5.      Paragraph 23 of Schedule 55 contains a defence of “reasonable excuse” as follows:

23—

(1)  Liability to a penalty under any paragraph of this Schedule does not arise in relation to a failure to make a return if P satisfies HMRC or (on appeal) the First-tier Tribunal or Upper Tribunal that there is a reasonable excuse for the failure.

(2)  For the purposes of sub-paragraph (1)—

(a)  an insufficiency of funds is not a reasonable excuse, unless attributable to events outside P's control,

(b)  where P relies on any other person to do anything, that is not a reasonable excuse unless P took reasonable care to avoid the failure, and

(c)  where P had a reasonable excuse for the failure but the excuse has ceased, P is to be treated as having continued to have the excuse if the failure is remedied without unreasonable delay after the excuse ceased.
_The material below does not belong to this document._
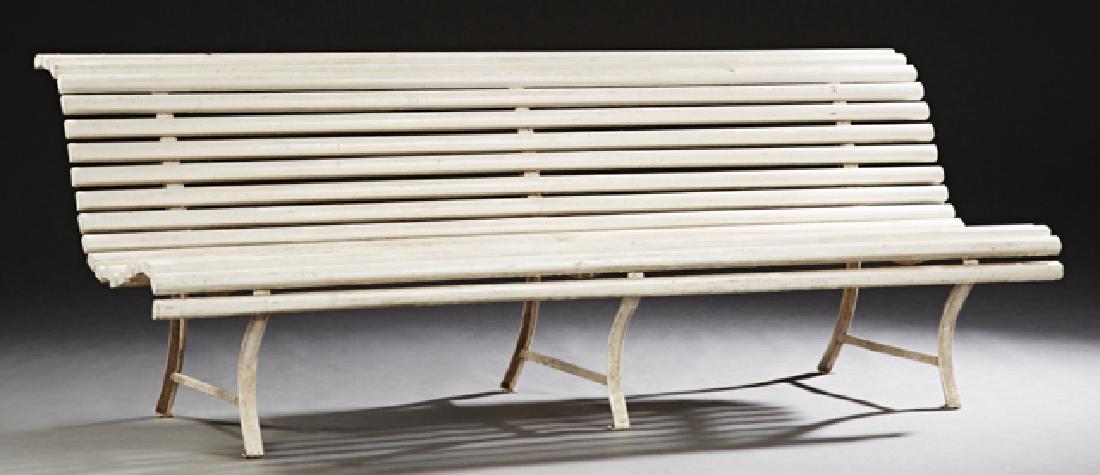 French Cast Iron and Beech Garden Bench, 20th c., the: French Cast Iron and Beech Garden Bench, 20th c., the curved slatted back and seat on splayed legs, H.- 29 1/2 in., W.- 82 3/4 in., D.- 32 in.
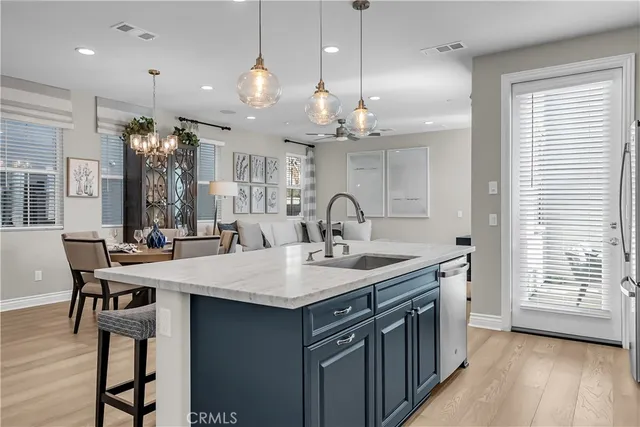 a kitchen with a table and chairs in it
6.      Paragraph 16 of Schedule 55 gives HMRC power to reduce penalties owing to the presence of “special circumstances” as follows:

16—

(1)  If HMRC think it right because of special circumstances, they may reduce a penalty under any paragraph of this Schedule.

(2)  In sub-paragraph (1) “special circumstances” does not include—

a)      ability to pay, or

b)      the fact that a potential loss of revenue from one taxpayer is balanced by a potential over-payment by another.

(3)  In sub-paragraph (1) the reference to reducing a penalty includes a reference to—

a)      staying a penalty, and

b)      agreeing a compromise in relation to proceedings for a penalty.

7.      Paragraph 20 of Schedule 55 gives a taxpayer a right of appeal to the Tribunal and paragraph 22 of Schedule 55 sets out the scope of the Tribunal’s jurisdiction on such an appeal.  In particular, the Tribunal has only a limited jurisdiction on the question of “special circumstances” as set out below:

22—

(1)  On an appeal under paragraph 20(1) that is notified to the tribunal, the tribunal may affirm or cancel HMRC's decision.

(2)  On an appeal under paragraph 20(2) that is notified to the tribunal, the tribunal may —

a)      affirm HMRC’s decision, or

b)      substitute for HMRC’s decision another decision that HMRC had power to make.

(3)  If the tribunal substitutes its decision for HMRC’s, the tribunal may rely on paragraph 16—

a)      to the same extent as HMRC (which may mean applying the same percentage reduction as HMRC to a different starting point), or

b)      to a different extent, but only if the tribunal thinks that HMRC’s decision in respect of the application of paragraph 16 was flawed.

(4)  In sub-paragraph (3)(b)“flawed” means flawed when considered in the light of the principles applicable in proceedings for judicial review.